Now, when adding new vertex p at the end of edge vertex list, new triangles are: {p1,p2,p},{p2,p0,p},{p0,p1,p} They have the same orientation as if original triangle was slanted.
For triangle, edge opposite to p1 has reversed order of remaining vertices.
For tetrahedron, it is for p0 and p2.
What is proper way of storing edges, or proper way to find out when to reverse vertices order?
Okay.
In general, storing vertex set is just not enough to represent a simplex, if its orientation matters. The same set can represent equivalent simplices with different sign of volume. A list can preserve orientation, but it's not trivial to derive it just from order. Thus, neither sets nor lists alone are not good solution (to represent both simplex and their edges).
It is probably best to use a list or tuple of vertices to represent a simplex; the question is how to decide the order of the vertices. (as I am not entirely certain of the exact requirements of an arbitrary-dimentional quickhull, I will speak generally below...)
If you are replacing each vertex v[i] in turn with a new point p, the simplest consistent thing to do is to substitute it for the point it replaces. Thus, for triangle {v0,v1,v2}, you will get new triangles {p,v1,v2}, {v0,p,v1}, and {v0,v1,p}.
If you want to reorder the vertices (e.g., so that p is at the end), then you should remember that swapping any two vertices will reverse the orientation of the simplex. So, to maintain the orientation, you must do an even number of swaps.
In the above example, swapping p with the final vertex will reverse the orientation, unless p is already the final vertex. You can fix this by swapping the first two vertices in that case. (note that this is a unique solution only for 3-vertex simplices -- it is not applicable for 2-simplices, and one of multiple solutions for N>3-simplices).
You could also look at this as a matter of rotating the vertex list of the original 3-simplex. Unfortunately, this only works for odd-vertex simplices.
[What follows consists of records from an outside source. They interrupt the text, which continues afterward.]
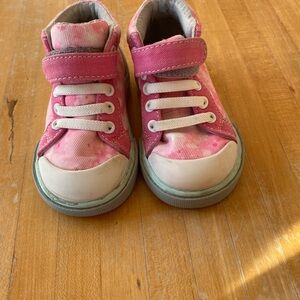 See Kai Run Pink and White Sneakers with Velcro Strap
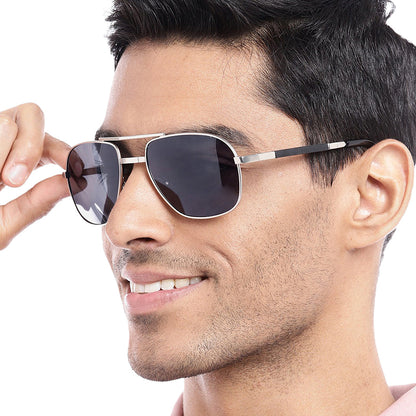 Carlton London Premium Silver &amp; Black Toned Polarised And Uv Protected Lens Foldover Sunglasses For Men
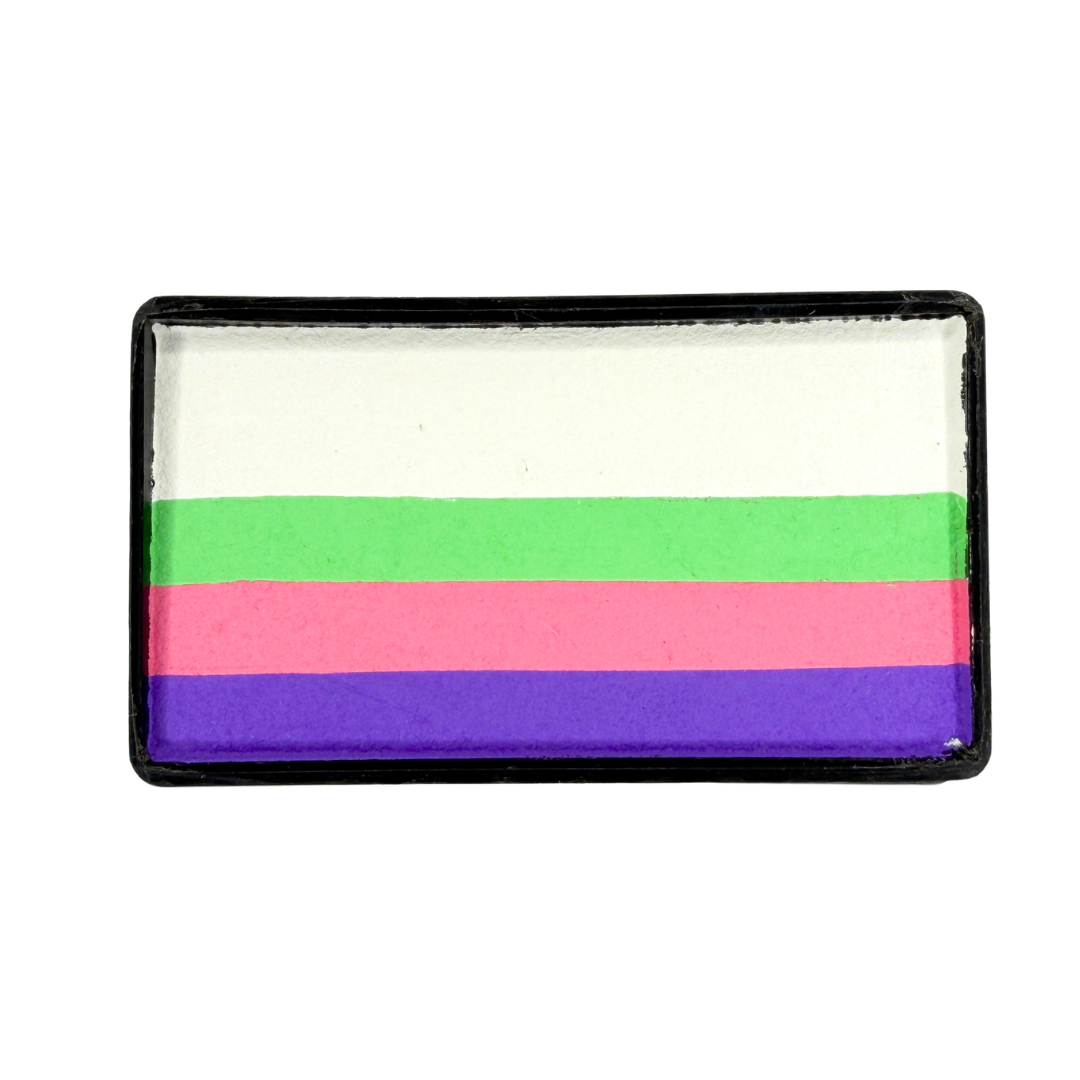 Fluffy Unicorn Arty Cake 28g one-stroke face paint featuring layered white, green, pink, and purple pastel tones in a rectangular cake for soft multi-color face painting.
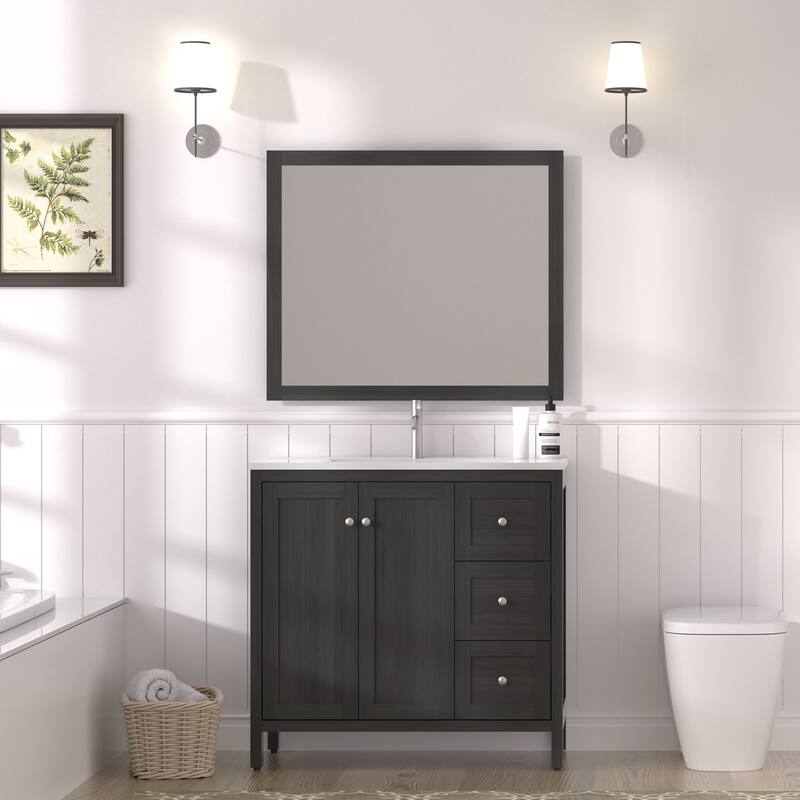 35.5" Bathroom Vanity , Modern Bathroom Cabinet with Basin, Bathroom Storage Cabinet with Soft Closing Doors and 3 Drawers - Black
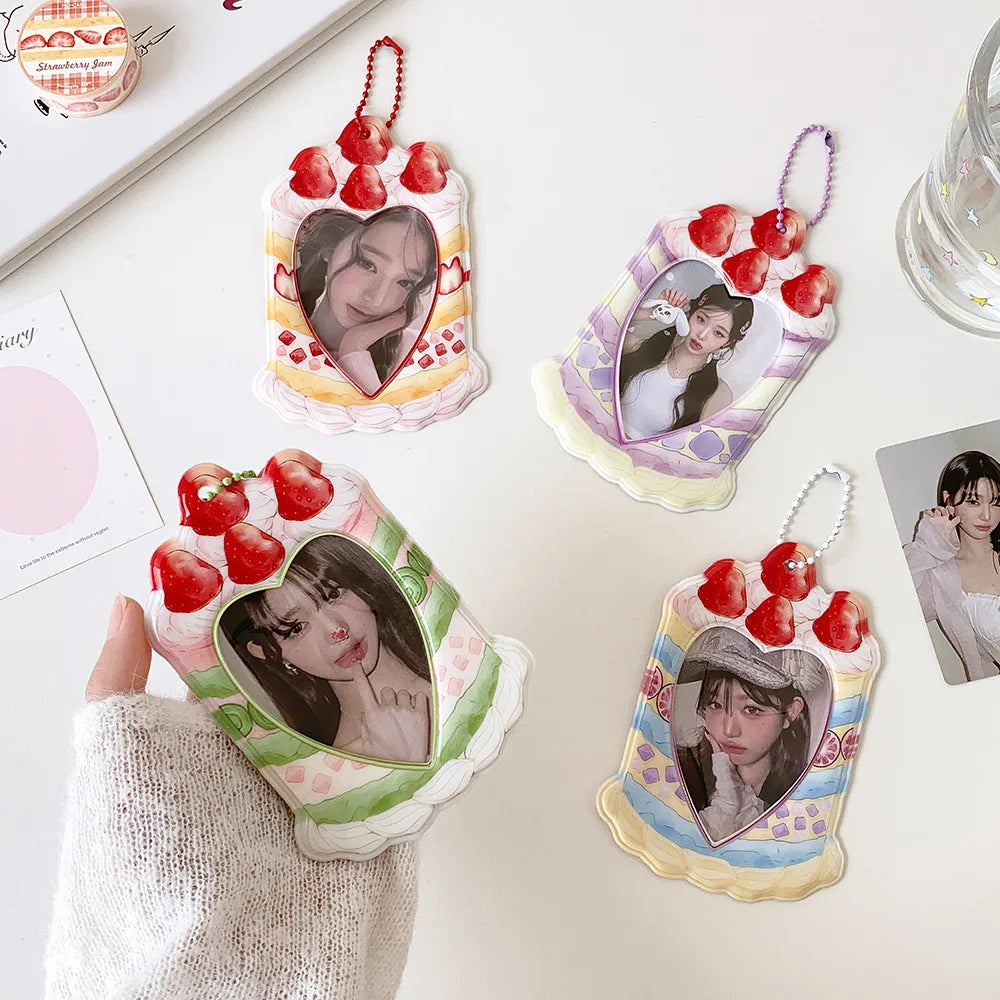 Fashion Cartoon Strawberry Cake Bag Pendant 3-Inch Card Holder Cute Girls Idol Photo Storage Card Bag Decoration Keychain Gifts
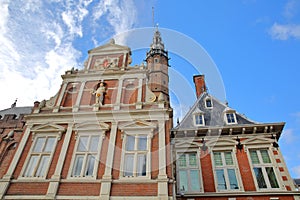 The ornate and colorful architecture of the town hall Stadhuis in Haarlem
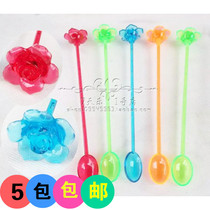 Plastic mixing stick Rose belt spoon Mixing stick Mixing spoon Milk tea juice drink mixing stick Long mixing spoon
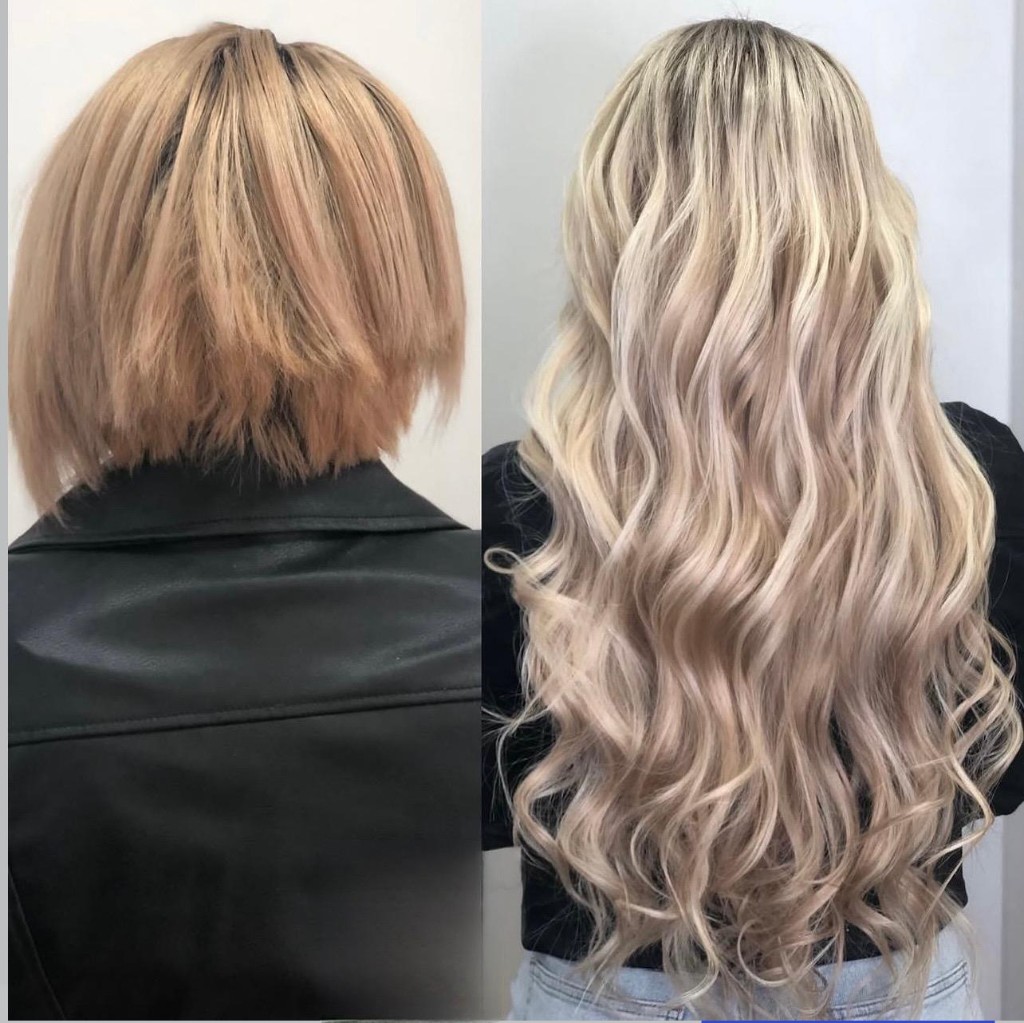 Before and after from behind: honey-blonde blunt bob to extra-long cool ash-blonde waves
For a vertex list of size N, rotation involves N-1 swaps, so for a simplex with an even number of vertices, a rotation will change the orientation.
And edge of a simplex does not have an orientation by itself.
Only N-simplex in N-dimentions has defined orientation.
It is determined by cross-product of N vectors pi-p0 (signed volume).
For lower dimentional simlices in higher dimentional space such cross-product cannot be built.
For this patricular task (building new simplices with edges of another) an edge can be represented by an (ordered) list of vertices and an index where to add new point to make it on the same side as was removed vertex.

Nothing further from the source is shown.